The company has really put their modules to higher testing standards than its competitors, according to Beitel. To achieve ranking with the Go Solar initiative, PV manufacturers must verify their modules’ performance under PV-USA Test Conditions (PTC) and under Standard Test Conditions (STC) quality tests. The modules also performed very well in extended long-term degradation testing.
Most modules are subjected to Potential Induced Degradation (PID) and extended Damp Heat (DH) testing they’re tested for between 100 and 200 hours. These are high heat, voltage and moisture tests that gives insight into the quality of modules. To achieve PID compliance their performance must not vary by more than 5 percent. For the PID test, “They measured our panels through 1,500 hours,” Beteil said. For the DH testing they were tested for 2,000 hours. “We told our agency to test them until we saw failure,” he said.
The California-based company unstealthed or came out of research and development mode last year. Now it’s producing modules in China. But as it builds out its commercial manufacturing it plans to build manufacturing plants near where its demand is greatest, according to Beitel. “We plan to expand capacity upwards of 200 megawatts by the end of next year,” he said. That would put its worldwide production up to 230 megawatts of modules annually.
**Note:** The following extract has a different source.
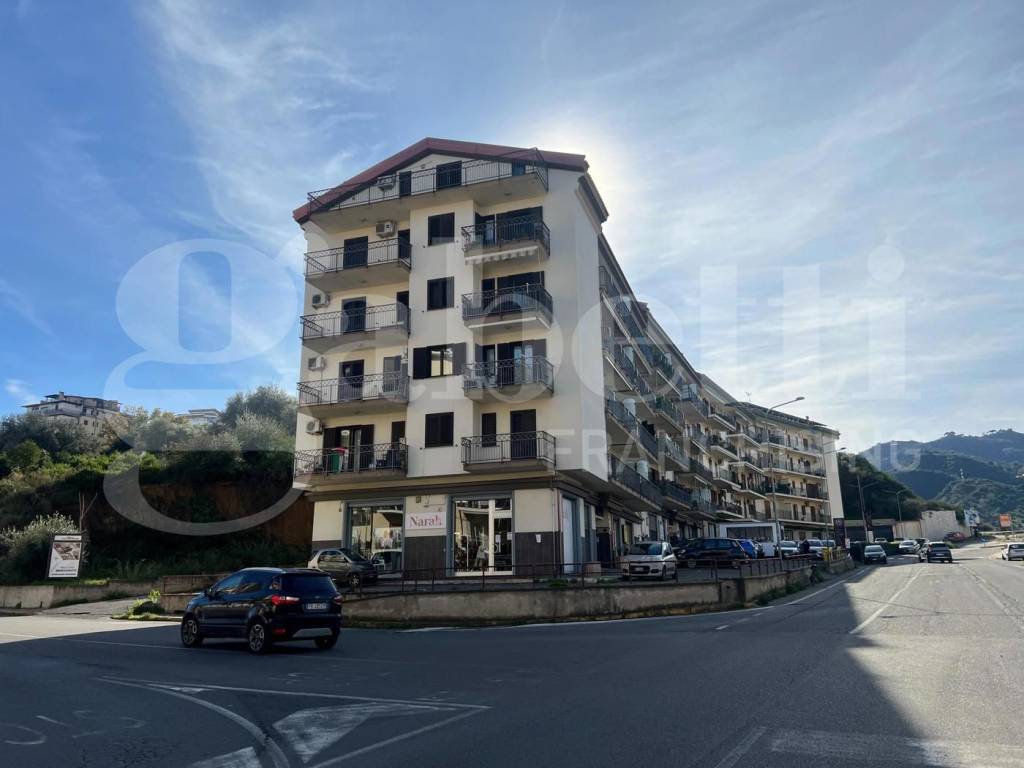 appartamento in vendita a Corigliano-Rossano in zona Rossano Stazione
He explained that the company’s thought process is similar to SunPower’s to manufacture in the end-market where the modules are sold. The company is looking to build manufacturing in the U.S. and Eastern Europe.
At this point the company is looking for investors to help support that expansion. Beitel contended that the company’s risk is lower than some other start ups because it uses conventional technology and the performance and testing validation helps lower the risk profile.
The company has already shipped modules to projects in the U.S., Europe and China, according to Beitel. However, he could not discuss any of the projects at this time.